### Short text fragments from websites
• • •

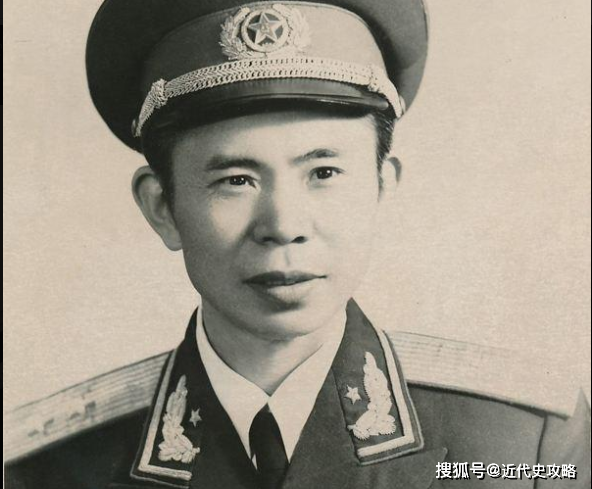 关于中国人民解放军陆军第XXX集团军第XXX师第XXX团历任领导的研究报告,中国人民解放军陆军第XXX集团军第XXX师第XXX团历任领导研究报告,深度解析其领导层变迁与发展历程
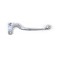 OE Style Clutch Lever Blade 30-19852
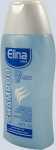 Shampoo Elina med Pro Vitamin B5 250 ml,...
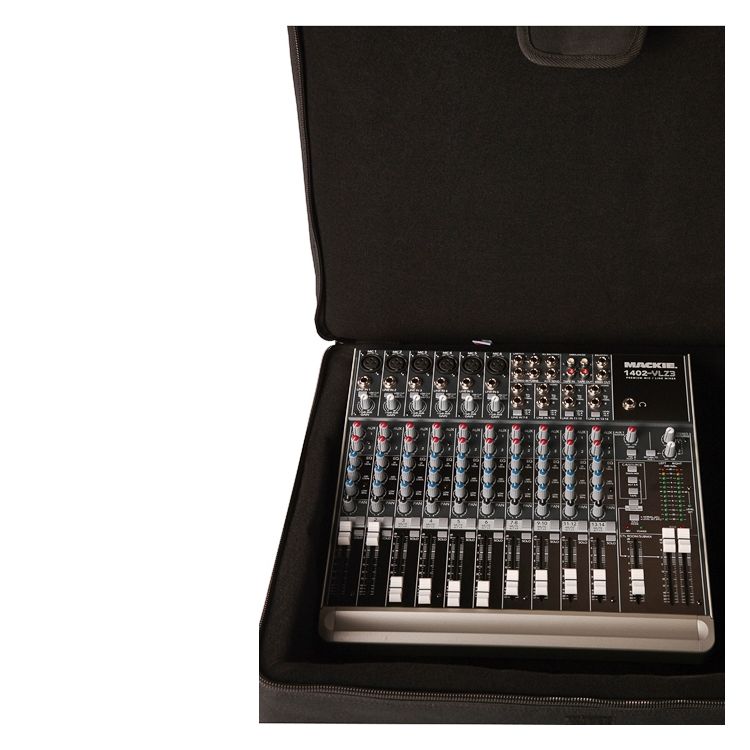 Gator G-MIX-L 1618A по цене 6 870 ₽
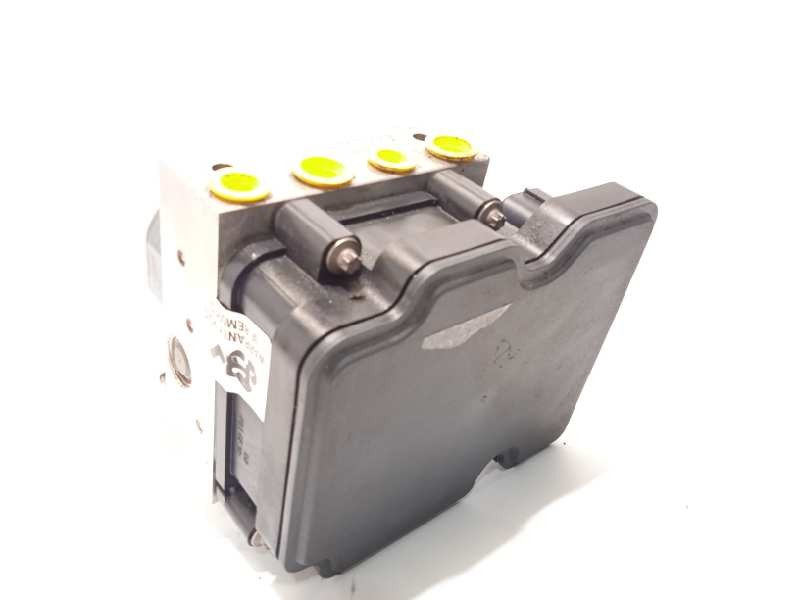 Recambio de abs para opel corsa e 1.4 referencia OEM IAM 39084530 2265106516 269871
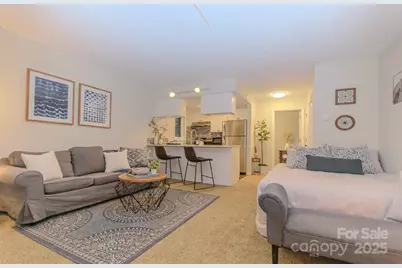 144 South Slope Loop Unit #1, Banner Elk, NC 28604 - Photo 20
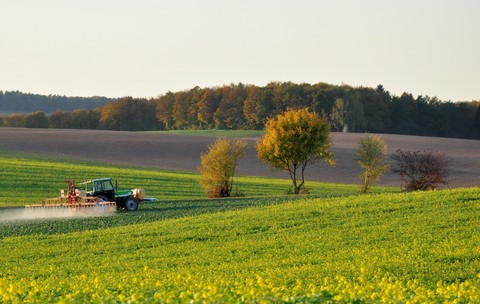 tractor-pe-camp-profimedia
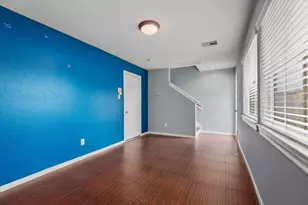 3103 Clearview Cir, Houston, TX 77025 - Photo 22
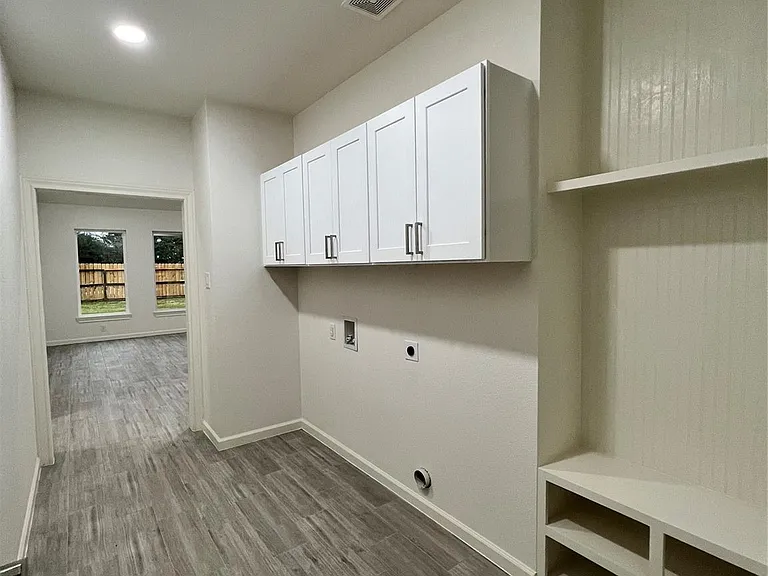 24006 Jumping Jay Ln — Photo 20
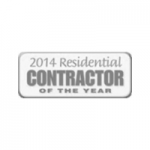 Contractor of the Year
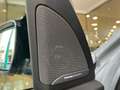 BMW X5 xDrive 50e xLine Grijs - thumbnail 16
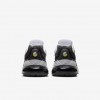 Nike Air Max Phoenix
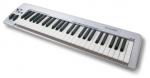 M-Audio Keystation 49e M-Audio Keystation 49e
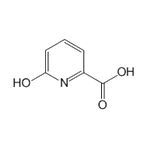 6-Oxo-1,6-dihydropyridine-2-carboxylic acid|CS-W002504|19621-92-2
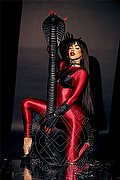 Milano Trans Escort Leticia Sexy 392 08 16 569 foto 20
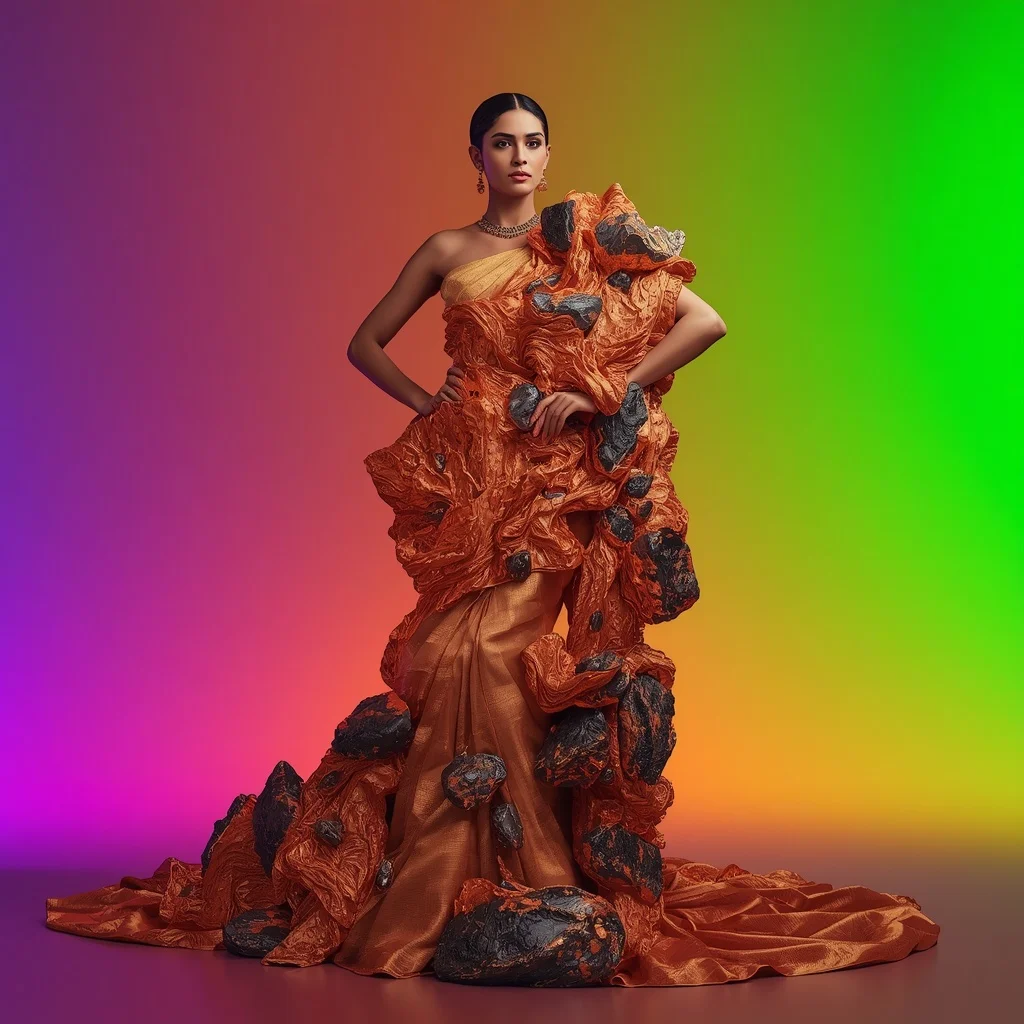AI Art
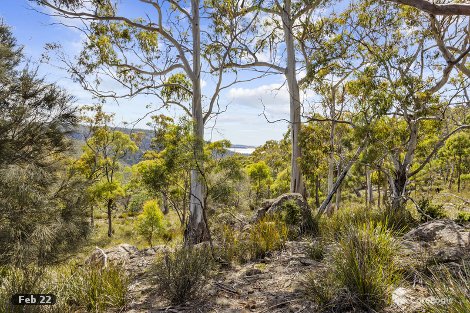 7308 Tasman Hwy, Orford, TAS 7190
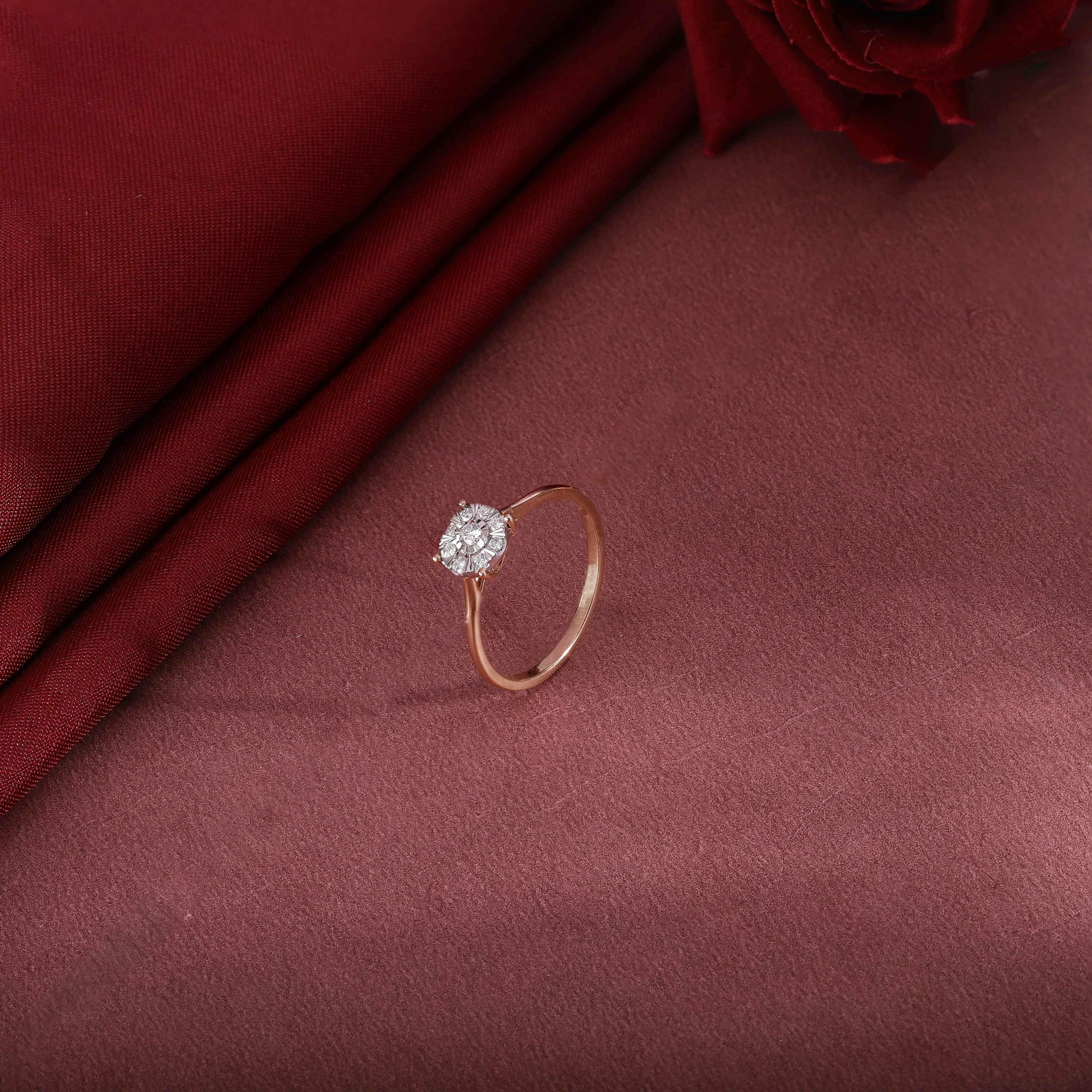 Image 15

• • •

### YOUR GOAL
Copy out the records above in full, exactly as written, but not the pictures.

### RESULT OF THIS TASK
 关于中国人民解放军陆军第XXX集团军第XXX师第XXX团历任领导的研究报告,中国人民解放军陆军第XXX集团军第XXX师第XXX团历任领导研究报告,深度解析其领导层变迁与发展历程
 OE Style Clutch Lever Blade 30-19852
 Shampoo Elina med Pro Vitamin B5 250 ml,...
 Gator G-MIX-L 1618A по цене 6 870 ₽
 Recambio de abs para opel corsa e 1.4 referencia OEM IAM 39084530 2265106516 269871
 144 South Slope Loop Unit #1, Banner Elk, NC 28604 - Photo 20
 tractor-pe-camp-profimedia
 3103 Clearview Cir, Houston, TX 77025 - Photo 22
 24006 Jumping Jay Ln — Photo 20
 Contractor of the Year
 BMW X5 xDrive 50e xLine Grijs - thumbnail 16
 Nike Air Max Phoenix
 M-Audio Keystation 49e M-Audio Keystation 49e
 6-Oxo-1,6-dihydropyridine-2-carboxylic acid|CS-W002504|19621-92-2
 Milano Trans Escort Leticia Sexy 392 08 16 569 foto 20
AI Art
 7308 Tasman Hwy, Orford, TAS 7190
 Image 15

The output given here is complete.